• Task directions: Output exactly, with nothing added, the entries from the first line through the line with "ASTRA 98- Revue Technique Opel".

***** Input *****

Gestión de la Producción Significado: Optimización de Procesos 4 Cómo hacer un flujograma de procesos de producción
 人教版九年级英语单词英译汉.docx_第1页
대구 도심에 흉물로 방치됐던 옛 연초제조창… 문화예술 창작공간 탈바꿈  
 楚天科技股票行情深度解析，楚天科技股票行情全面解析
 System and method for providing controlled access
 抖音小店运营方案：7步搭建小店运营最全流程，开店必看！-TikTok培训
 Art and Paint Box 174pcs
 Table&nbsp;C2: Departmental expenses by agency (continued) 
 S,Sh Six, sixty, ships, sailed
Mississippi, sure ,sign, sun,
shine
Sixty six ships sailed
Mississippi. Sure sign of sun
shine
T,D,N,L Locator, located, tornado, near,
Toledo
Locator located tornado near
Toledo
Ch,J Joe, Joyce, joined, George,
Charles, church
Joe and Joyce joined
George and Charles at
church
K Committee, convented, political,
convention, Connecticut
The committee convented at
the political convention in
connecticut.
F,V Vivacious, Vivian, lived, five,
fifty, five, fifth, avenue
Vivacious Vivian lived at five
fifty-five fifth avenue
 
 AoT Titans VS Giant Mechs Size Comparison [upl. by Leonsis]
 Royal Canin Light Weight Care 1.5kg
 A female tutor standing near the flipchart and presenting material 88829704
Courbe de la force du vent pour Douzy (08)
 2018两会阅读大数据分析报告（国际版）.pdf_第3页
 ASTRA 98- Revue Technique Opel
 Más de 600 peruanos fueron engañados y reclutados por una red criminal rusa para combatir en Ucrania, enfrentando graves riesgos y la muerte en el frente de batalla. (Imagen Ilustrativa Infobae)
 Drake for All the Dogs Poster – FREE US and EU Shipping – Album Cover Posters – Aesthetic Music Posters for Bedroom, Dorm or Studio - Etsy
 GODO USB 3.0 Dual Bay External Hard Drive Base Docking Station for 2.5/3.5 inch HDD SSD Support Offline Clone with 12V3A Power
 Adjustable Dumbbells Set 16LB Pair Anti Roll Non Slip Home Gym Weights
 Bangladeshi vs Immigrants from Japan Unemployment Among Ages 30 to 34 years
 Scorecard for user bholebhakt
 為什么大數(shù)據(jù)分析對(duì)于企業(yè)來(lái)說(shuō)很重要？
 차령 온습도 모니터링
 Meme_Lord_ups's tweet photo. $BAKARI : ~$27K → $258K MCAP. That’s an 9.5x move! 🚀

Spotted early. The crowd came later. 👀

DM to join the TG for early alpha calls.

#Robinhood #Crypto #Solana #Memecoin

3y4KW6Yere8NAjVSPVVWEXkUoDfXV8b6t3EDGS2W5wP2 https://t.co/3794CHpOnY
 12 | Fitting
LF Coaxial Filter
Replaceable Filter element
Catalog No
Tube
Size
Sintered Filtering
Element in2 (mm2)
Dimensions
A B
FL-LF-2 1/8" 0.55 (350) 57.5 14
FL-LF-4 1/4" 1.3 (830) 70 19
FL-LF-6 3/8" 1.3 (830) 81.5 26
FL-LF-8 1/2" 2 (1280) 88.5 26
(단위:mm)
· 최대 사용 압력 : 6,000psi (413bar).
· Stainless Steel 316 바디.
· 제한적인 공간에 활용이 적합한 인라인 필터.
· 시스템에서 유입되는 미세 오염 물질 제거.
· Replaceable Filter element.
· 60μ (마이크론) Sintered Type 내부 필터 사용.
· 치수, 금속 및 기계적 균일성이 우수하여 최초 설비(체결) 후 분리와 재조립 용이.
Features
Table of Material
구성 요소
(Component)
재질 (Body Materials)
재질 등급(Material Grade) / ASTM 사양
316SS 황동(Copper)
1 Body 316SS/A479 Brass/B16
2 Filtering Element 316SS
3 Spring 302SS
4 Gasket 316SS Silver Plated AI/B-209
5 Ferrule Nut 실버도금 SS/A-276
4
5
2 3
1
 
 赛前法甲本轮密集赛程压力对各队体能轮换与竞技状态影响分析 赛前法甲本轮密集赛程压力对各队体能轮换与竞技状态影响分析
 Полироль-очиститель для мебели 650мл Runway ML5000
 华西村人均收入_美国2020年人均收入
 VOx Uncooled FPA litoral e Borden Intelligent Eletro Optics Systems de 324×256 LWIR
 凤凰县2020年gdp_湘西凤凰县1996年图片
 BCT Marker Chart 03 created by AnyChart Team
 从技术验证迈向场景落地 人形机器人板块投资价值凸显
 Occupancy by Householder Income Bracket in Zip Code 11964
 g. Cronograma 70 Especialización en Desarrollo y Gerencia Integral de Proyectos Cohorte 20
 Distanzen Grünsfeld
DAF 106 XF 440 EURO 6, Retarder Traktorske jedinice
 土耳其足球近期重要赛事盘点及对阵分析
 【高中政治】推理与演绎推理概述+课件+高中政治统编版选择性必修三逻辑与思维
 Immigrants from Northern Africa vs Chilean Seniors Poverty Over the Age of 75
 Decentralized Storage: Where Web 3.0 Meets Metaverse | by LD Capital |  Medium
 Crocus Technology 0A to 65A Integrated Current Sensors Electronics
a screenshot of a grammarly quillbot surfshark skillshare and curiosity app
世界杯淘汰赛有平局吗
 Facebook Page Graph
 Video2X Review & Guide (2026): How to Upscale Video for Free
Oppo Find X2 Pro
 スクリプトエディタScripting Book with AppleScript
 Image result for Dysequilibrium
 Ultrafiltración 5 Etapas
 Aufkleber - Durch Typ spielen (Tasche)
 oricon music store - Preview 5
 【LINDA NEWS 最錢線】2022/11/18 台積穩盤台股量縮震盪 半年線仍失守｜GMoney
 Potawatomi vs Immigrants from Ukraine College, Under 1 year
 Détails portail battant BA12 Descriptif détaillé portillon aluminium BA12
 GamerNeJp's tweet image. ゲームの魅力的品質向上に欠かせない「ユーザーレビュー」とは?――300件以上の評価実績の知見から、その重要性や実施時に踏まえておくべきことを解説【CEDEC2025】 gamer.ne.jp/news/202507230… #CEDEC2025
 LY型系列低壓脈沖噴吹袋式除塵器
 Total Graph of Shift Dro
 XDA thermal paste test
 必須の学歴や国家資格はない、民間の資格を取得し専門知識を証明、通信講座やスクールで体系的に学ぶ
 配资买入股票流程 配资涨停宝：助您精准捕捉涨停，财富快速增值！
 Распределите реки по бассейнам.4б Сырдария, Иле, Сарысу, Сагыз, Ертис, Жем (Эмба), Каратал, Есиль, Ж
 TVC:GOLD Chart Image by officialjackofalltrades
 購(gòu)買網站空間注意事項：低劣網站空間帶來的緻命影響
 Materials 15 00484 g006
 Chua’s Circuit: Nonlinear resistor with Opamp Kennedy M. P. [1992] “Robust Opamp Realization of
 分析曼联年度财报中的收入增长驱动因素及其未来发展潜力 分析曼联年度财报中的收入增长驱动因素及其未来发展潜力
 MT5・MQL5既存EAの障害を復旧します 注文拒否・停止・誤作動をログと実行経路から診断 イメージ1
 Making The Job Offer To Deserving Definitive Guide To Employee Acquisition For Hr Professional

*****

• Answer:
Gestión de la Producción Significado: Optimización de Procesos 4 Cómo hacer un flujograma de procesos de producción
 人教版九年级英语单词英译汉.docx_第1页
대구 도심에 흉물로 방치됐던 옛 연초제조창… 문화예술 창작공간 탈바꿈  
 楚天科技股票行情深度解析，楚天科技股票行情全面解析
 System and method for providing controlled access
 抖音小店运营方案：7步搭建小店运营最全流程，开店必看！-TikTok培训
 Art and Paint Box 174pcs
 Table&nbsp;C2: Departmental expenses by agency (continued) 
 S,Sh Six, sixty, ships, sailed
Mississippi, sure ,sign, sun,
shine
Sixty six ships sailed
Mississippi. Sure sign of sun
shine
T,D,N,L Locator, located, tornado, near,
Toledo
Locator located tornado near
Toledo
Ch,J Joe, Joyce, joined, George,
Charles, church
Joe and Joyce joined
George and Charles at
church
K Committee, convented, political,
convention, Connecticut
The committee convented at
the political convention in
connecticut.
F,V Vivacious, Vivian, lived, five,
fifty, five, fifth, avenue
Vivacious Vivian lived at five
fifty-five fifth avenue
 
 AoT Titans VS Giant Mechs Size Comparison [upl. by Leonsis]
 Royal Canin Light Weight Care 1.5kg
 A female tutor standing near the flipchart and presenting material 88829704
Courbe de la force du vent pour Douzy (08)
 2018两会阅读大数据分析报告（国际版）.pdf_第3页
 ASTRA 98- Revue Technique Opel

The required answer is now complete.